As compliance evolves and corporate compliance programs become more sophisticated, compliance is seen not as simply a legal prophylactic, but as a business process.

Seen in this light, it is clear the risk management process should begin with forecasting as it attempts to estimate future aspects of the business. Compliance professionals should be able to say with some degree of authority what will happen in the next three months, six months, twelve months, twenty-four months. This can facilitate resources deployment where they think is appropriate to meet these future demands.

By starting with forecasting, a compliance function utilizes risk assessment to consider issues that forecasting did not predict or issues that the forecasting model raised as a potential outcome warranting a deeper dive. If the business is moving into a new product or sales area and is required to use third-party sales agents, a risk assessment would provide information that a company could use to ameliorate the risks.

Risk-based monitoring follows from the issues that the risk assessment identified as the highest risk areas.

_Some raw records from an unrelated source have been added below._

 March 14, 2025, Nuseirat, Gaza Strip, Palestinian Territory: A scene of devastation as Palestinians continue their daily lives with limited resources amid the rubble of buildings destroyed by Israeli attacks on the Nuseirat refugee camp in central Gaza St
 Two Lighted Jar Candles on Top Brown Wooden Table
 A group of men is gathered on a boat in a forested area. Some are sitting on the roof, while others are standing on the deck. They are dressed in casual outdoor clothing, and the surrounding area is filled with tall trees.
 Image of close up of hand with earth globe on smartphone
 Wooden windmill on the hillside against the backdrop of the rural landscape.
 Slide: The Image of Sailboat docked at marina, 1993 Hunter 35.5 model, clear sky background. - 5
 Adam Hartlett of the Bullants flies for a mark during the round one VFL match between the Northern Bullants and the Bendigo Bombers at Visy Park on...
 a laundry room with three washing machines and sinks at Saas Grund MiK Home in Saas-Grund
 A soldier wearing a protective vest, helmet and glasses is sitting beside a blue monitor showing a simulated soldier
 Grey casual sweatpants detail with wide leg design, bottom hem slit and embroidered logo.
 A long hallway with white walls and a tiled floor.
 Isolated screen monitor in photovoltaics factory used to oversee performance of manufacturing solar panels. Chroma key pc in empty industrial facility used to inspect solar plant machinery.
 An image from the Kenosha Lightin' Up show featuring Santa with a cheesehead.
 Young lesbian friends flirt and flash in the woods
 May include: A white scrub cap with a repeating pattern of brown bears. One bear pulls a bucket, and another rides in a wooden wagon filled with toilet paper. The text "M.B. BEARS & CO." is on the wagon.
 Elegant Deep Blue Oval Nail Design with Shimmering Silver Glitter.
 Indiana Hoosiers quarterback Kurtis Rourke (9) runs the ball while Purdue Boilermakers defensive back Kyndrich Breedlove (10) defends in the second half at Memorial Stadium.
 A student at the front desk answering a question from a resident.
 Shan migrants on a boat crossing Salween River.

Risk-based monitoring tends to look at things on an ongoing basis, and the models that are behind the risk-based modeling are continuously refined based on incoming data.

These three tools tie back into process management and process improvement; there is balance between what is important for the business or proper execution versus the practical aspects of the whole process. If there is a one-in-three chance of a compliance failure occurring, and the company could predict that in advance; the executive committee probably could stop the activity before a compliance failure and possible legal violation.

This is how the risk management process can work to fulfill the three prongs of a compliance program: prevent, detect and remediate. You are using the risk forecast and you have a contingency in place, which you execute upon. In other words, it comes down to execution. This means you must use the risk management tools available to you and, when a situation arises, remediate when required.

This is not only where the rubber meets the road, but the information and data you garner in the execution phase should be fed back into a process loop. From this, you will develop continuous feedback and continuous improvement.